On Oct. 26, 2001, President George W. Bush signed the USA PATRIOT Act, giving authorities unprecedented ability to search, seize, detain or eavesdrop in their pursuit of possible terrorists.
If you’re interested in more details, read this excerpt from Professor Michael Roffer’s new book, The Law Book: From Hammurabi to the International Criminal Court, 250 Milestones in the History of Law
On September 11, 2001, four passenger planes hijacked by al-Qaeda terrorists crashed into the World Trade Center towers, the Pentagon, and a field near Shanksville, Pennsylvania, killing a total of 2,977 victims. In the wake of that horrific tragedy, Congress passed the Uniting and Strengthening America by Providing Appropriate Tools Required to Intercept and Obstruct Terrorism (USA PATRIOT) Act. For years it has polarized a nation struggling with concerns for security on the one hand and threats to privacy on the other.

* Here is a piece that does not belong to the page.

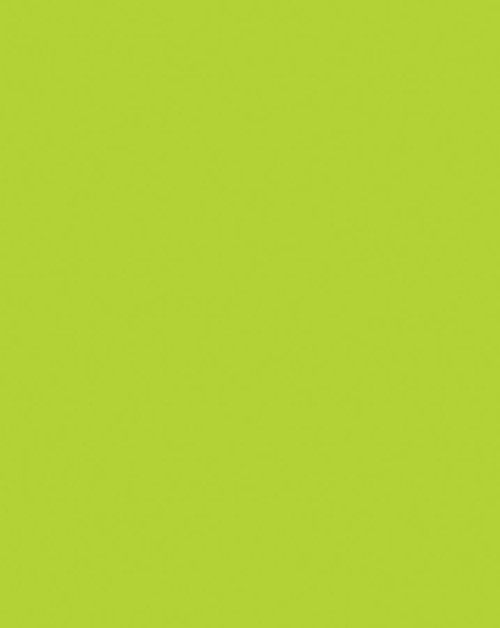 UCreate Neon Coated Poster Board, Lime, 28 x 22 - 1 count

Once described as “perhaps the longest, broadest, most sweeping piece of legislation in American history,” the USA PATRIOT Act reflected unified congressional
effort to combat terrorism by enhancing law enforcement agencies’ surveillance and investigative powers. Congress passed it with overwhelming support: 357–66 in the House and 98–1 in the Senate, but critics have challenged the unorthodox nature of its passage. It had little federal agency review, no public hearings, no committee markup, no Conference Committee Report, little floor debate, and almost no time for review of the final bill before Congress voted, imparting a legacy of controversy to the legislation.
Two of the Act’s core and most controversial provisions gave law enforcement agencies additional powers to monitor and intercept electronic communications that might relate to terrorist activities. This provision enhanced powers long available under the Foreign Intelligence Surveillance Act and the Electronic Communications Privacy Act. The new act permits electronic surveillance where a “significant purpose”—as opposed to the sole or primary purpose—is to gather foreign intelligence. Second, it permits “roving”surveillance of individuals, not limited to a single telephone or computer.
So as not to grant law enforcement officials a perpetual license to spy on whomever they wanted, the Act also included a four-year sunset stipulation. In 2005, Congress enacted the USA PATRIOT Improvement and Reauthorization Act, which made permanent most of the expiring provisions of the original act and adopted a new sunset date for the two most controversial sections. At time of press, the current expiration date for those sections was June 1, 2015. The debate over the Act is sure to persist as the nation continues to negotiate a balance between civil liberties and national security.